2000 : 47). Enfin, en dehors des comptoirs littoraux comme Lattes, cette évolution de l'habitat est surtout marquée par des créations dont la capacité à perdurer est sans précédent puisque Mauressip reste occupé quasiment jusqu'à la fin du Haut-Empire et Nîmes jusqu'à nos jours. Avec l'oppidum de Villevieille (Vd982), ces deux agglomérations constituent les premiers éléments stables du peuplement protohistorique dont l'organisation territoriale va se renforcer au cours du IIIe s. av. J.-C. avec l'apparition d'autres oppida, en particulier à Nages et à

Ambrussum (Vg682 et Vd944). À partir du IIe s. av. J.-C. la diffusion de petits établissements

de piémont et de plaine autour de ces agglomérations ne laisse plus de doute sur leur fonction de place centrale capable de contrôler les échanges, de concentrer les biens et d'en assurer la redistribution au sein des communautés locales.

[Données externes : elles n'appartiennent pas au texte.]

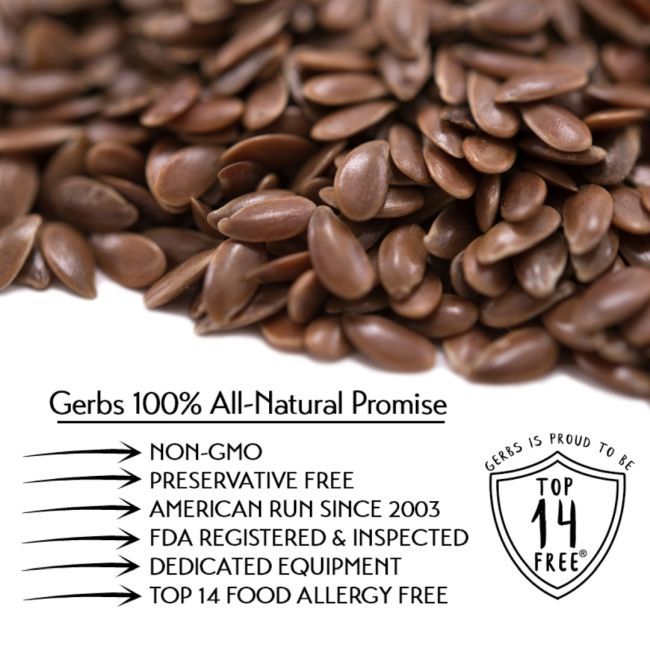 Raw Brown Flax Seeds Allergy Friendly Food My Gerbs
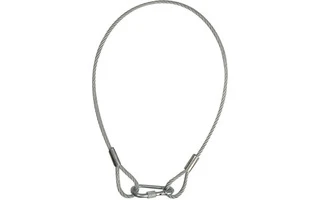Showgear Cable de seguridad de 6 mm , carga máx 60 Kg - 75 cm , plata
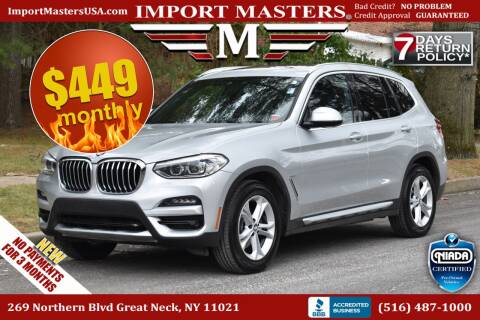 2021 BMW X3 for sale at Import Masters in Great Neck NY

Ce bref rappel de l'évolution de l'habitat protohistorique de la région nîmoise, montre l'émergence d'un système polarisé autour de premiers centres, dès la fin du Ve s. av. J.-C. Ce système engendre progressivement des entités territoriales micro-locales puis locales dont nous savons que la légitimité sera remise en cause, dès la fin du Ier s. av. J.-C., avec l'intervention romaine qui octroie à Nîmes un statut politique et juridique particulier et l'élève au rang de capitale régionale (Raynaud à paraître-b : p. 20-22 de l'article Nuninger 2002 : 137). C'est cette construction des territoires primitifs suivant une logique interne des communautés protohistoriques qui s'adaptent aux pressions commerciales, que nous tenterons d'explorer à travers l'étude des réseaux d'habitat et de leur dynamique.